Mario NardoneAdvisor Perspectives welcomes guest contributions. The views presented here do not necessarily represent those of Advisor Perspectives.

Investment management is undoubtedly a cornerstone of financial advising. It’s what ensures your clients’ money works efficiently toward their long-term goals. But as a planning-focused advisor, you’ve likely realized that while clients want to hear about their investments, they’re far more interested in how those investments connect to their current life situations and future aspirations.

So, how much investment information is enough, and how much is too much? And beyond that, what other aspects of their financial lives should take center stage in your meetings? Let’s explore how to strike the right balance to keep your client meetings engaging, relevant, and impactful.

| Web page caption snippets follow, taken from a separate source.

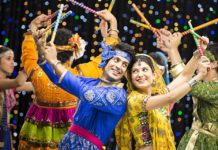 Best Places for Dandiya Night in Udaipur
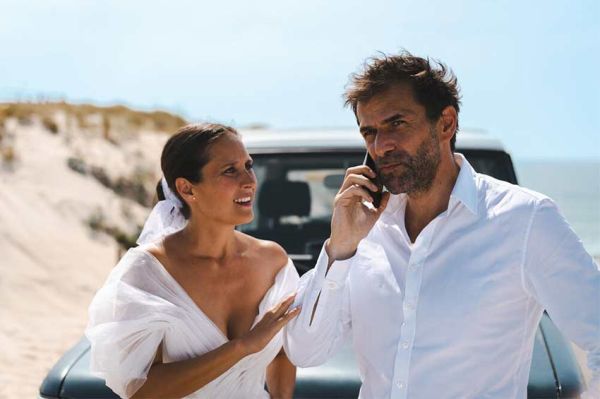 "Erica" saison 2, résumé du premier épisode diffusé sur TF1 Jeudi 5 mars 2026 (vidéo)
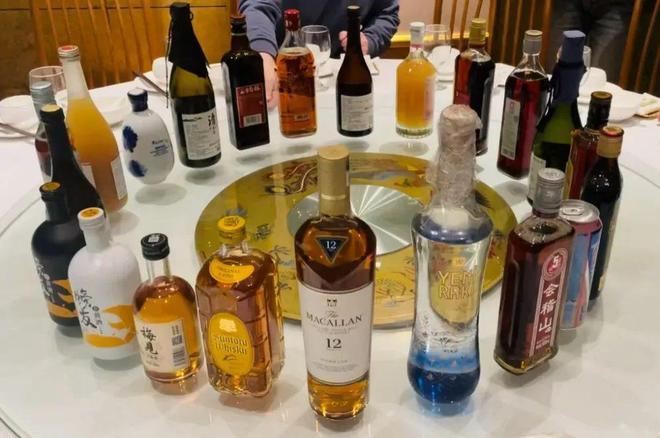 280岁黄酒老字号做“气泡黄酒”销量冲亿级年轻化怎么做(图3)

Clients Want the Big Picture, Not a Data Dump

Your clients trust you to handle the complexities of the market. They don’t necessarily want to wade through detailed discussions of sector allocations, moving averages, or yield curves – and they certainly don’t want to feel overwhelmed by a torrent of technical jargon. Instead, they’re looking for clear, concise explanations that connect investment performance to their personal goals.

Think about their priorities, which may resemble the following:

  • Can I retire at 62 instead of 65?
  • Are we still on track to buy the vacation home in three years?
  • What does market volatility mean for my child’s college fund?

Framing your investment commentary in terms of real-life implications shows your clients that their financial plan is designed for them, not the markets.